Mineral Trioxide Aggregate (MTA) was introduced to the dental markets in 1993 and its use as a pulp dressing material has been the topic of research since its development, it has demonstrated high success rates in primary and permanent teeth, most probably as a result of its biocompatibility, alkalinity, sealing ability, as well as its unique ability to form a dentine bridge. Several studies reported that MTA induced less pulpal inflammation and more predictable hard tissue barrier formation (Masuda et al., 2010; Al-Hezaimi et al., 2011, Parirokh et al., 2011; Shi et al., 2016). However, it shows long setting time, poor handling characteristics, discoloration and a high cost (Cohen and Combe 1994).

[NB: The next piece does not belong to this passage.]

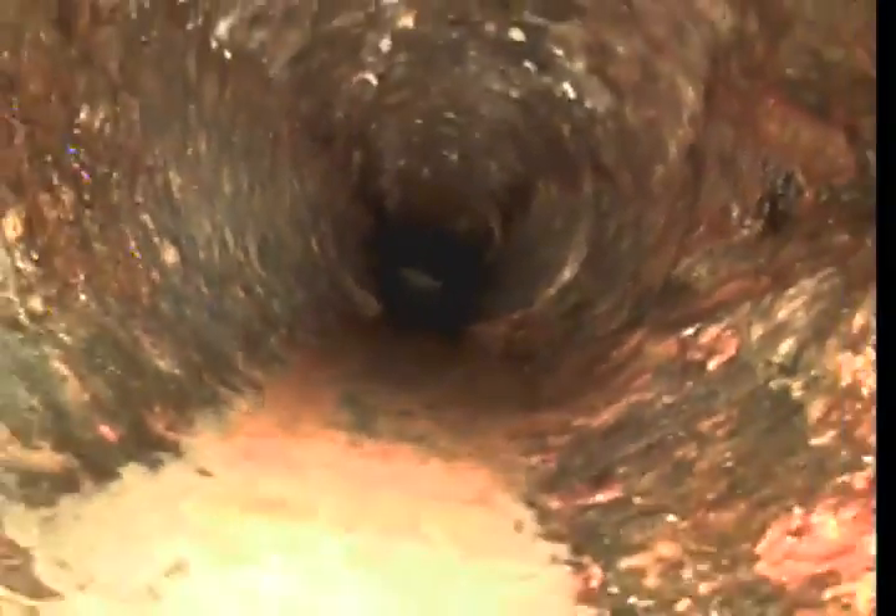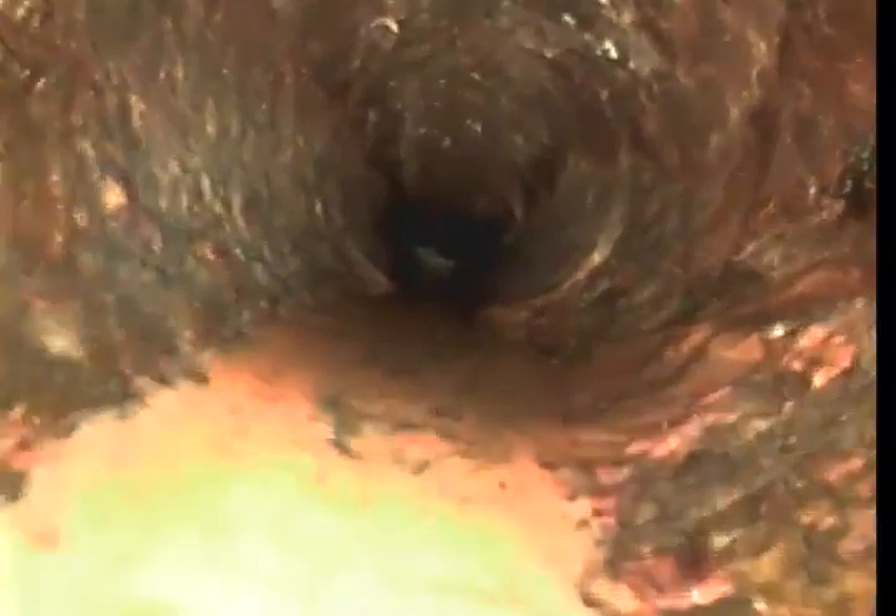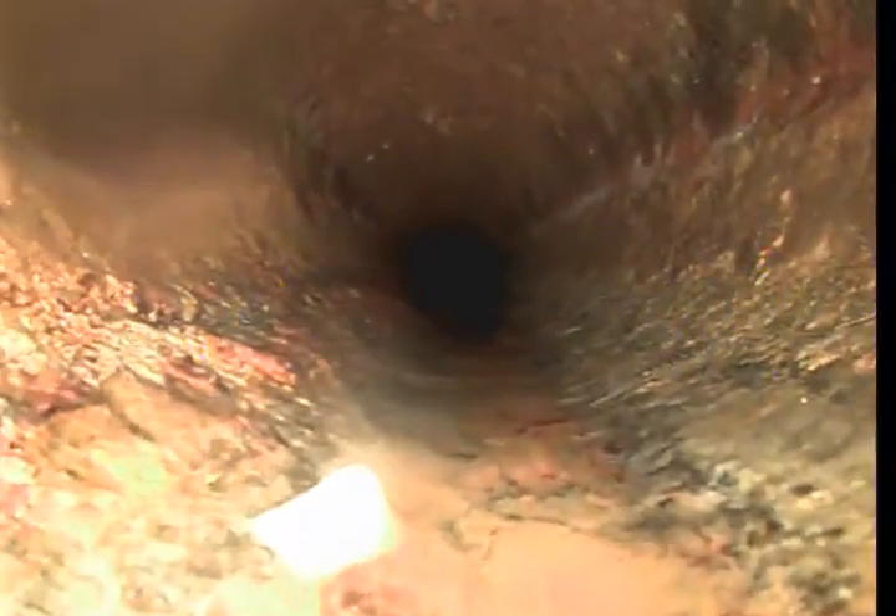It looks like there's a line tying in on the right wall right here. We've got toilet paper sitting in the line. Could be from the lack of use and/or the cast iron bed holding up the toilet paper. It's not a quarter drop — it's only about a quarter to half inch of the pipe. We're going to run it all the way out to the main line cap.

Bioactive bone graft material, BBG ?DM Bone,? is resorbable in nature and is able to be replaced by new bone. It is a ceramic constitutes of two-phases of silicon, 60% hydroxyapatite (HA) and 40% beta-tricalcium phosphate (β-TCP), with an optimum balance between HA and β-TCP in the ratio 60:40. DM Bone is 70% porous with interconnected pores of 100~600 microns in diameter. This high porosity allows maximum space for vascularization, osteoblast migration and bone deposition (Sheikh et al., 2017).

Platelet rich fibrin (PRF) is a bioactive construct that stimulates the local environment for differentiation and proliferation of stem and progenitor cells. It acts as an immune regulation node with inflammation control abilities, including a slow continuous release of growth factors over a period of 7–14 days. Such growth factors are rich in fibrin, platelets, leucocytes, monocytes and stem cells (Dohan et al., 2009).

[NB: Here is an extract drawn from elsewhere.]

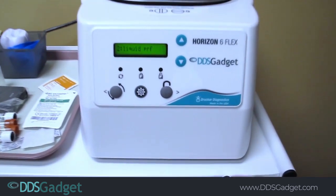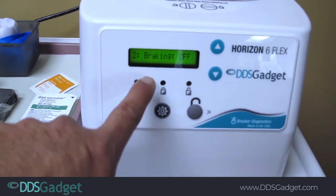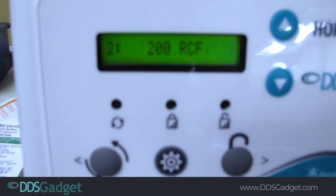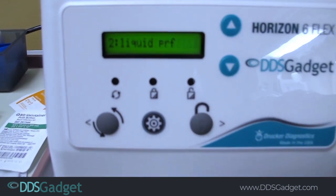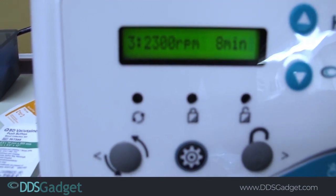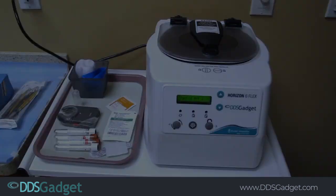Here's a little video of the horizontal centrifuge — it holds six tubes. We're going to be doing a liquid PRF at 1200 rpm for eight minutes. We can also do regular PRF in this machine's program in setting number three, which is solid PRF, and we're going to spin it at 2300 rpm for eight minutes and we should get really nice clots.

A concept of fabricating growth factors-enriched bone graft matrix (also known as ?sticky bone?) using autologous fibrin glue has been demonstrated since 2010. Sticky bone provides stabilization of bone graft in the defect, and therefore, it accelerates tissue healing and minimizes bone loss during the healing period. The resultant sticky bone is moldable, preventing micro and macro movement of grafted bone. It also entraps platelets and leukocytes in its fibrin network and it is natural and prevents ingrowth of soft tissues in graft (Al-Azem et al., 2018). The null hypothesis of this study was that there is no significant difference between two pulp capping materials (MTA and BBG) either with or without adding PRF to them. Therefore, this study was conducted to evaluate the effect of platelet rich fibrin on biocompatibility, bioactivity and bio mineralization of the bioactive materials used as a direct pulp capping after one- and three-months’ time intervals.


Materials and Methods

1. Study design:

We worked according to ethical guidelines and regulations of the International Guiding Principles for Biomedical Research Involving Animals (Geneva 2012) (no. 89/2018).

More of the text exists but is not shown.